§ **Information shown**
____________

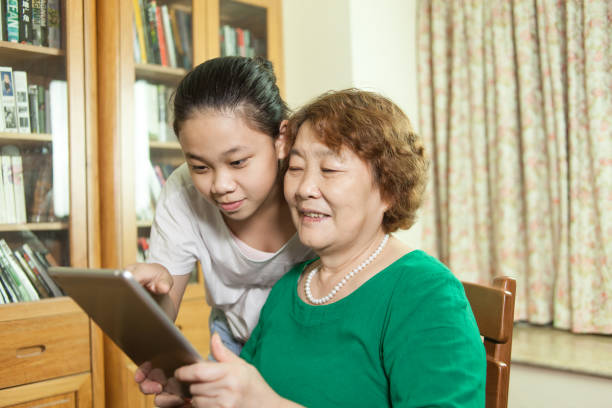 istock Grandmother and granddaughter using digital tablet at home 907911902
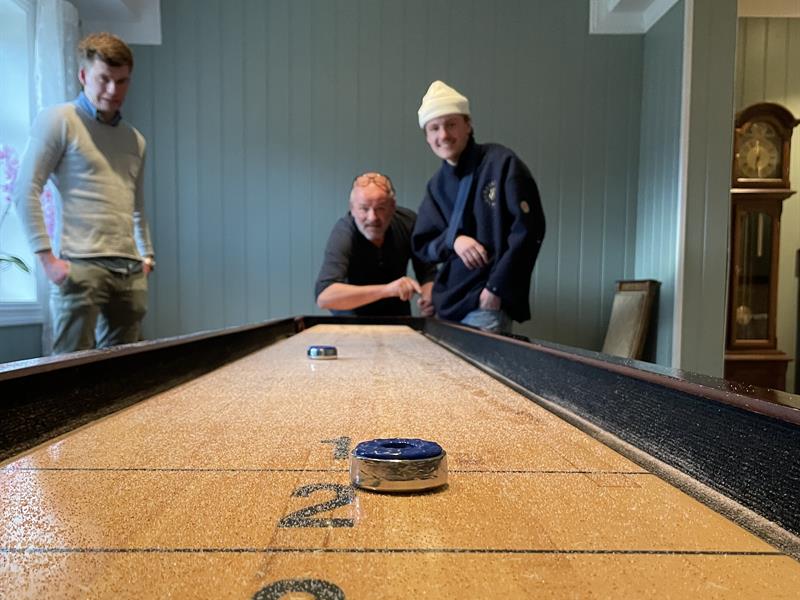 Menn spiller shuffleboard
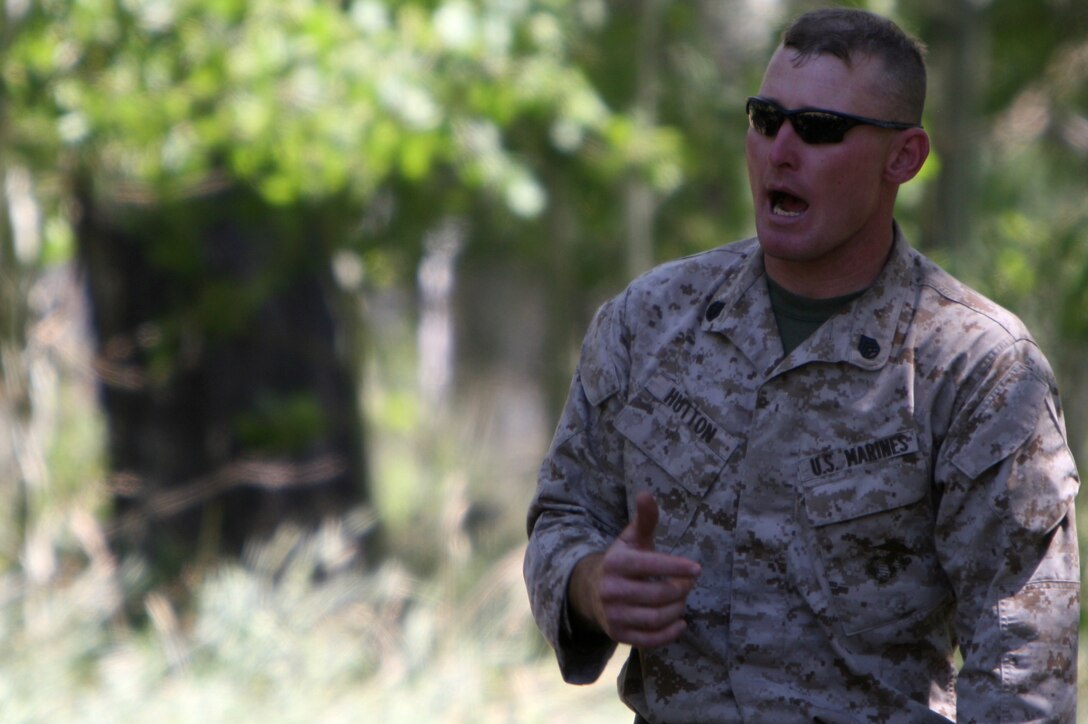 Staff Sgt. Michael P. Hutton, a mountain warfare instructor with the Unit Training Group, gives a signaling class to Marines and sailors of 3rd Battalion, 7th Marine Regiment, based out of Marine Corps Air Ground Combat Center Twentynine Palms, Calif., during the battalion’s pre-environmental training here Aug. 18. Hutton and other UTG instructors can spend up to three weeks in the field at a time while training units.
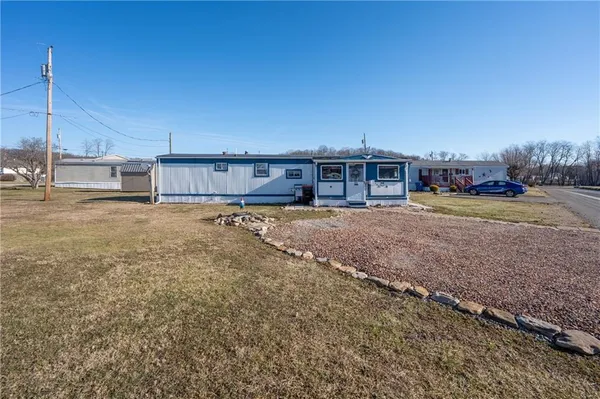 a view of a house with a yard and sitting area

____________

§ **Exercise prompt**
Write out the whole listing above exactly; do not include the pictures.

§ **Reply**
 istock Grandmother and granddaughter using digital tablet at home 907911902
 Menn spiller shuffleboard
 Staff Sgt. Michael P. Hutton, a mountain warfare instructor with the Unit Training Group, gives a signaling class to Marines and sailors of 3rd Battalion, 7th Marine Regiment, based out of Marine Corps Air Ground Combat Center Twentynine Palms, Calif., during the battalion’s pre-environmental training here Aug. 18. Hutton and other UTG instructors can spend up to three weeks in the field at a time while training units.
 a view of a house with a yard and sitting area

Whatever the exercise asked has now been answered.